MATERIAL PROVIDED START
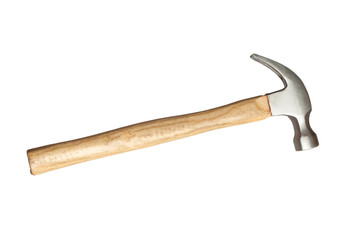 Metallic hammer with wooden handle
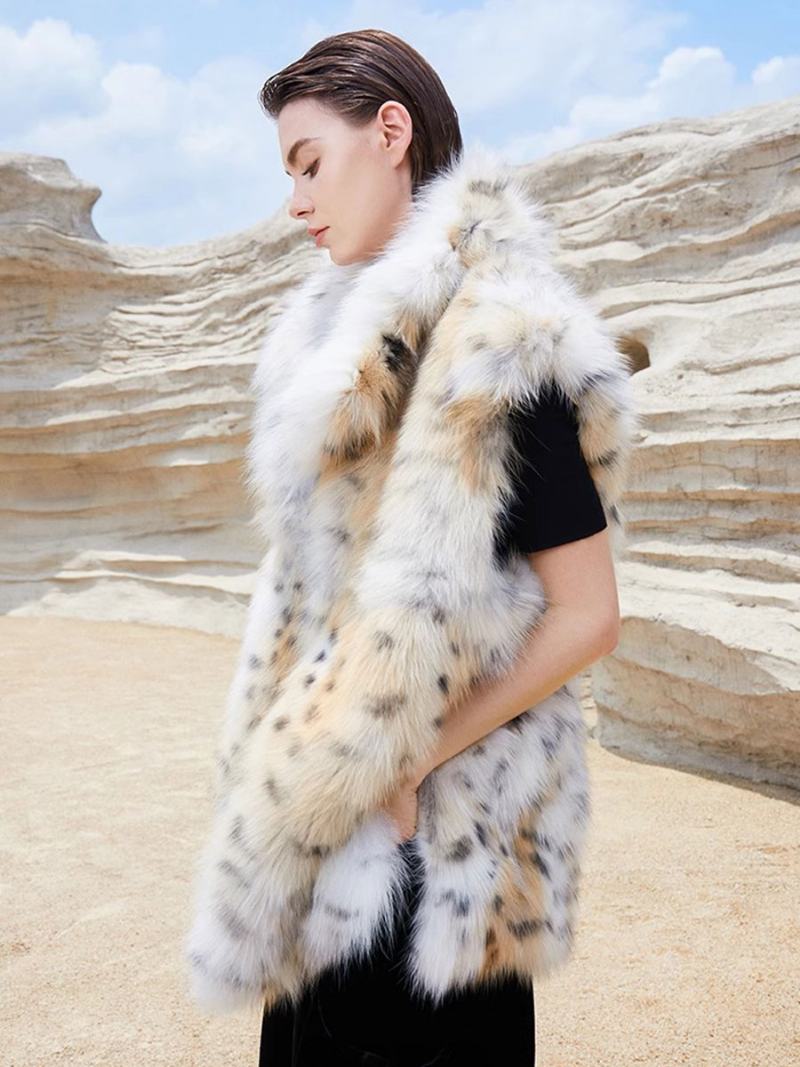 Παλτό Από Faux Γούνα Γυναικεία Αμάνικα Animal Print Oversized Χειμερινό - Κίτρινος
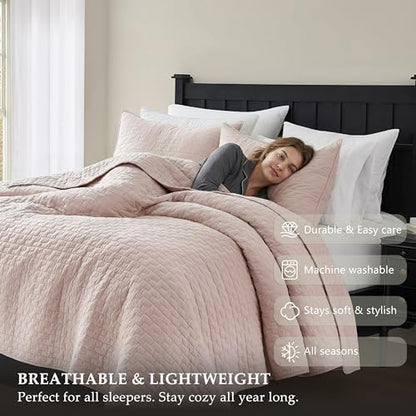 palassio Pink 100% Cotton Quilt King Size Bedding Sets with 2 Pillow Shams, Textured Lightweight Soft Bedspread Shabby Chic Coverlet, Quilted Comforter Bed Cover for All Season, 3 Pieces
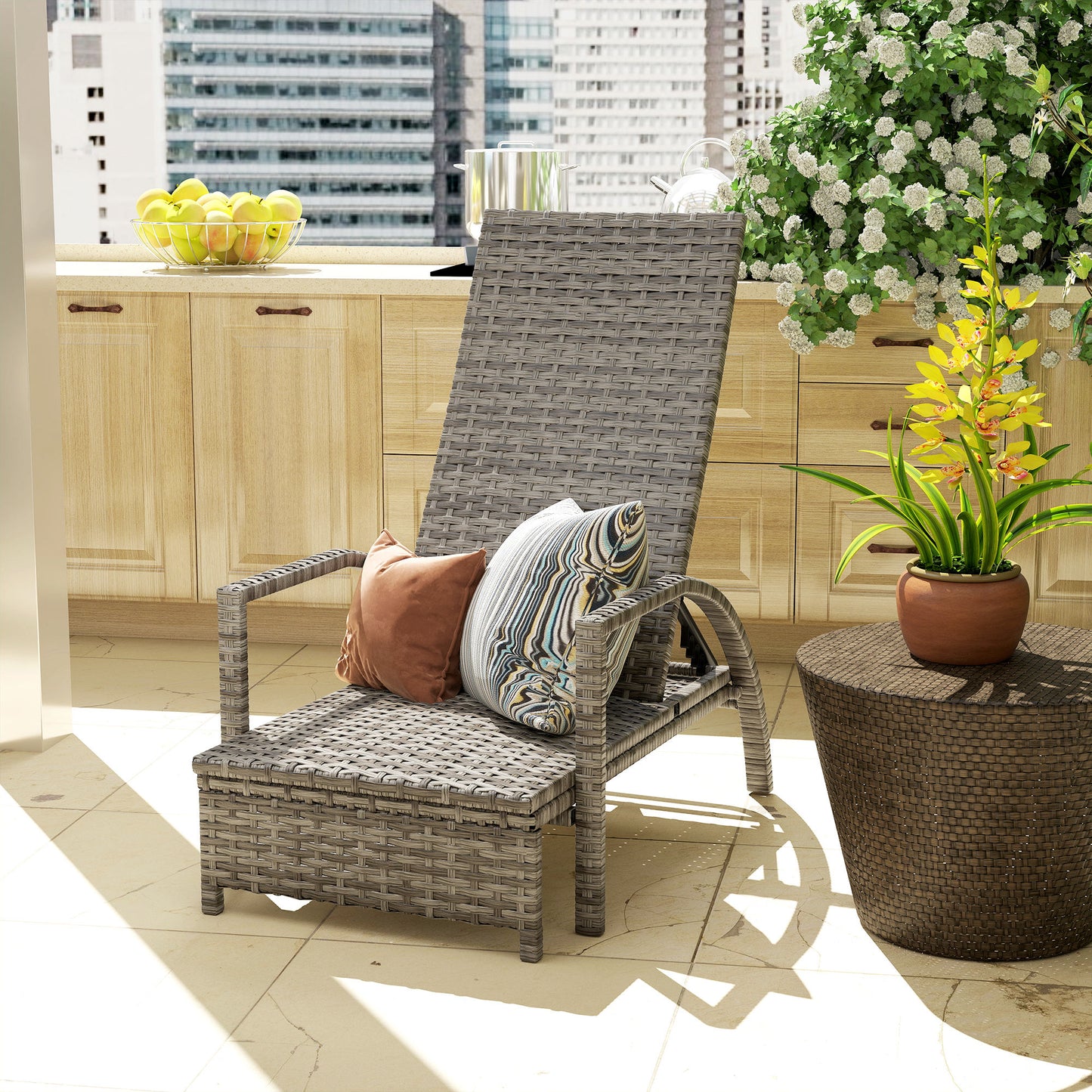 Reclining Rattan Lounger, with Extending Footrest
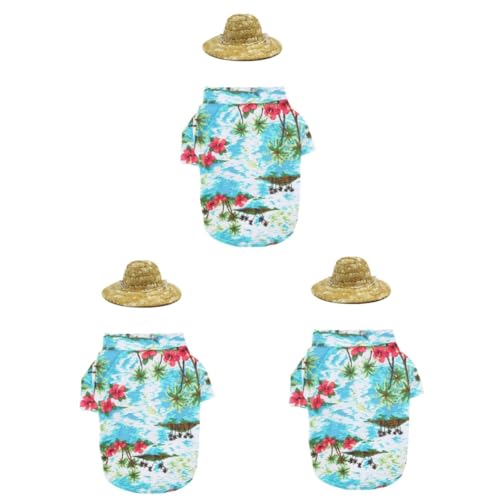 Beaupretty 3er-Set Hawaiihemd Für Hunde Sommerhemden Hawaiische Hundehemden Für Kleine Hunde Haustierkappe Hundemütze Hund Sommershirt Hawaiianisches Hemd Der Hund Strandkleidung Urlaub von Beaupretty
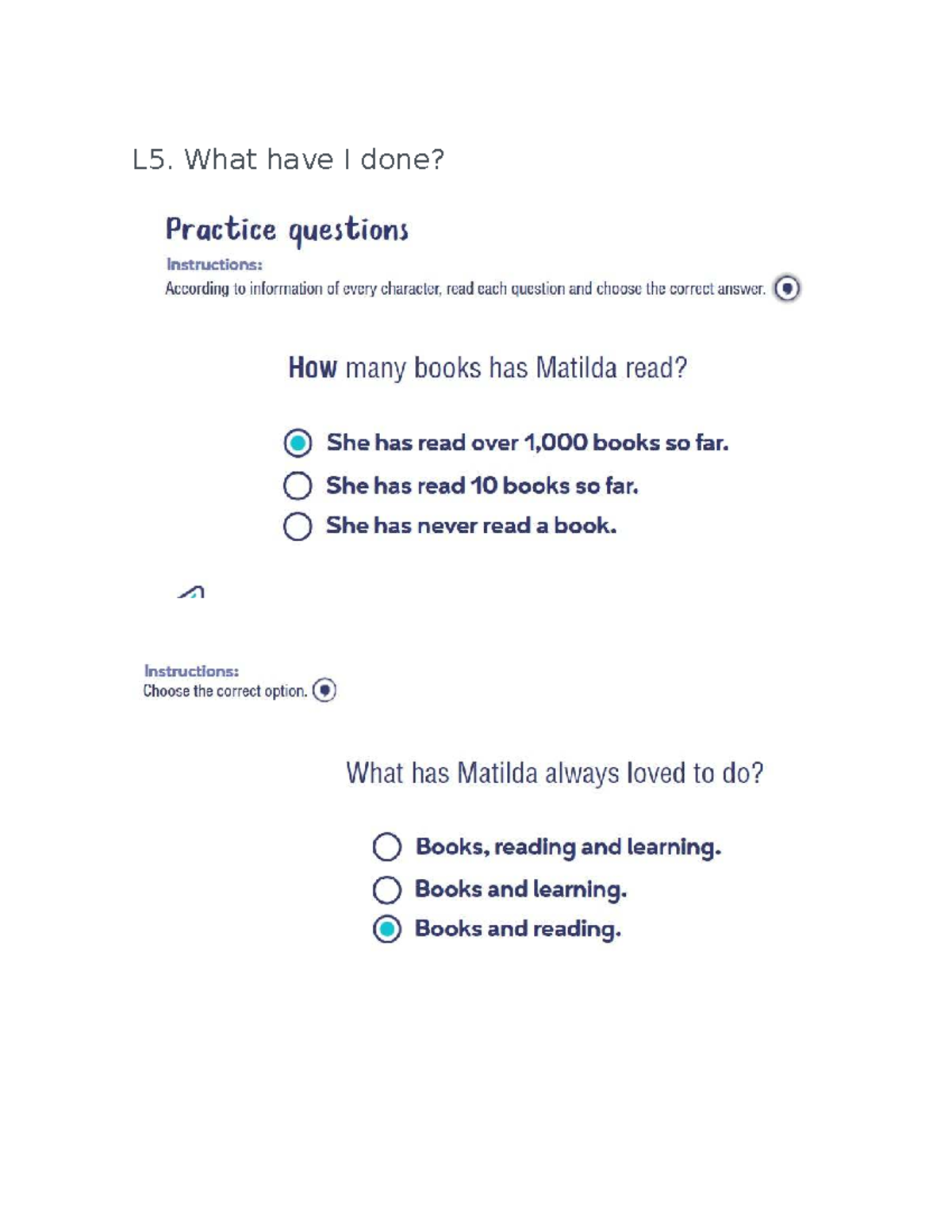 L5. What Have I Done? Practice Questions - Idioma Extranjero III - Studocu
MATERIAL PROVIDED END
MATERIAL PROVIDED START
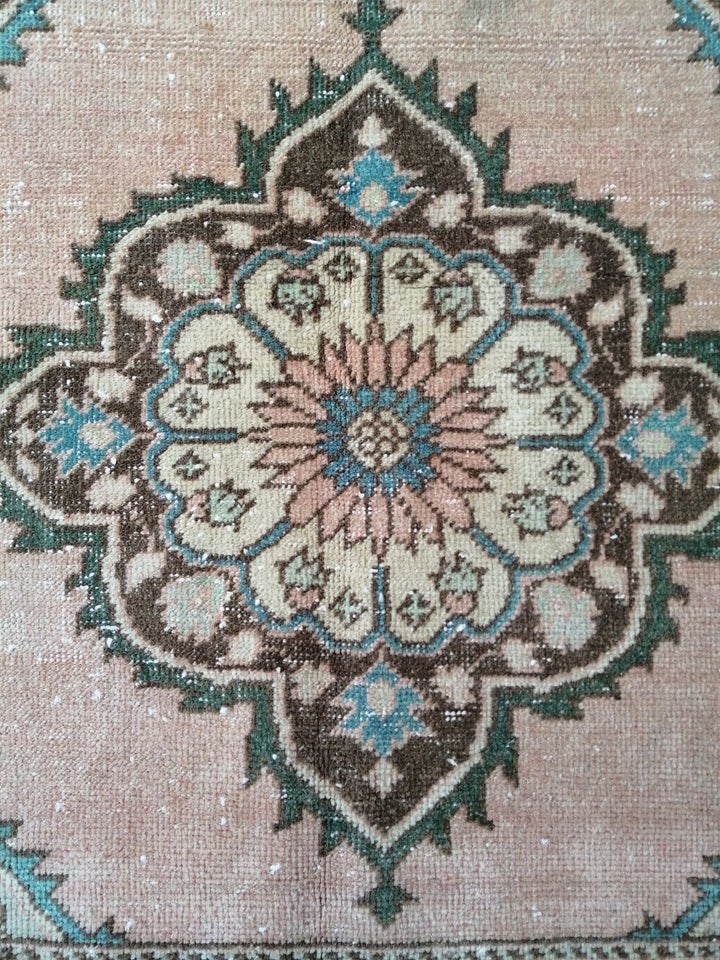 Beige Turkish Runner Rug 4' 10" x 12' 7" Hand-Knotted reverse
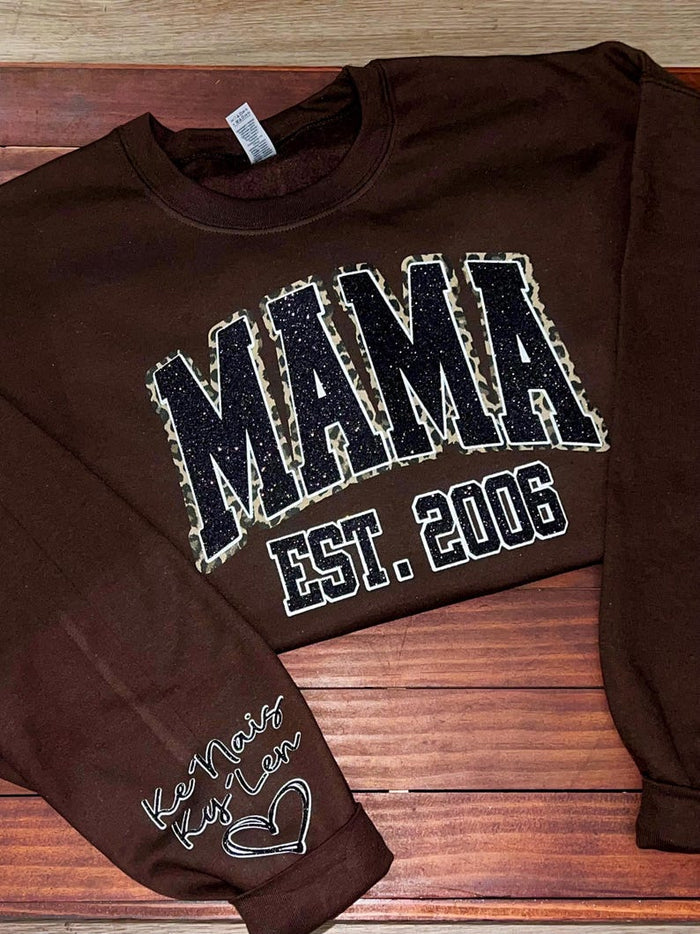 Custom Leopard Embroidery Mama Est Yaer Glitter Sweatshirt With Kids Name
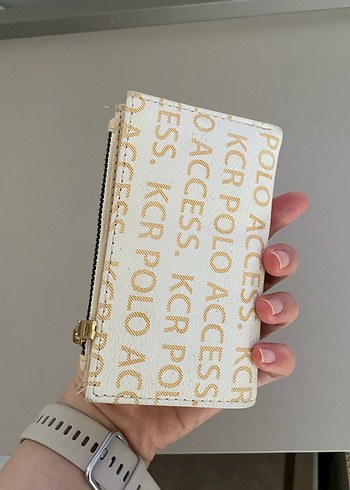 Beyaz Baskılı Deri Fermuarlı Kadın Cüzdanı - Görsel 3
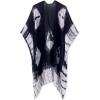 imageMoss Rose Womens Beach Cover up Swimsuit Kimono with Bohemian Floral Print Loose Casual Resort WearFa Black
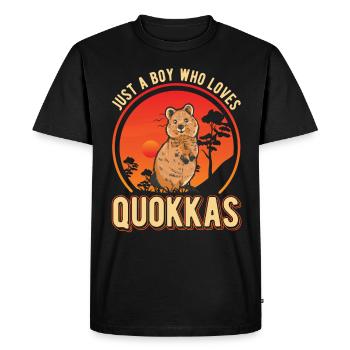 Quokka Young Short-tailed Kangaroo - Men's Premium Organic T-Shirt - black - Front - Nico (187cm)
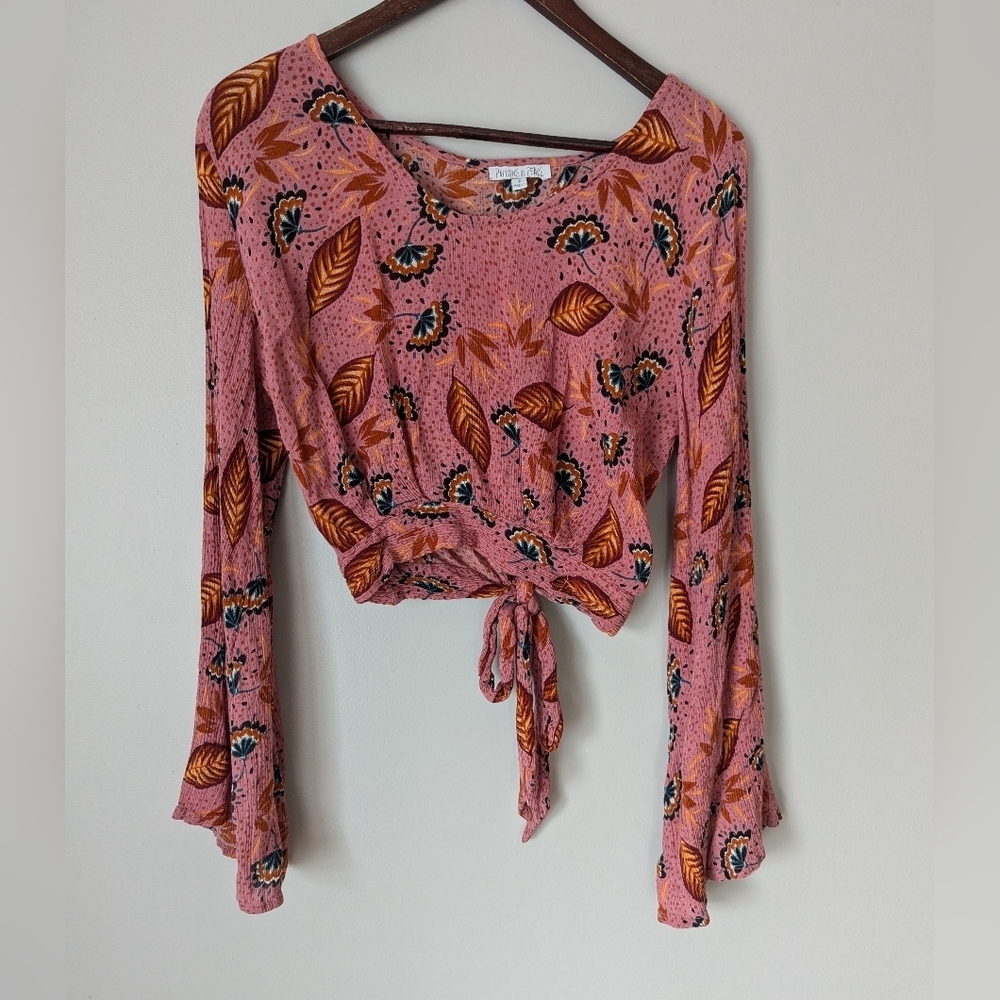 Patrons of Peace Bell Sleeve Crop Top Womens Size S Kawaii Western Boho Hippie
MATERIAL PROVIDED END
*TO DO*
The line holding "Metallic hammer with wooden handle" starts the copy and the line holding "L5. What Have" ends it. Repeat those two lines above and all between them exactly, leaving out pictures.

*SOLUTION TO THIS TASK*
 Metallic hammer with wooden handle
 Παλτό Από Faux Γούνα Γυναικεία Αμάνικα Animal Print Oversized Χειμερινό - Κίτρινος
 palassio Pink 100% Cotton Quilt King Size Bedding Sets with 2 Pillow Shams, Textured Lightweight Soft Bedspread Shabby Chic Coverlet, Quilted Comforter Bed Cover for All Season, 3 Pieces
 Reclining Rattan Lounger, with Extending Footrest
 Beaupretty 3er-Set Hawaiihemd Für Hunde Sommerhemden Hawaiische Hundehemden Für Kleine Hunde Haustierkappe Hundemütze Hund Sommershirt Hawaiianisches Hemd Der Hund Strandkleidung Urlaub von Beaupretty
 L5. What Have I Done? Practice Questions - Idioma Extranjero III - Studocu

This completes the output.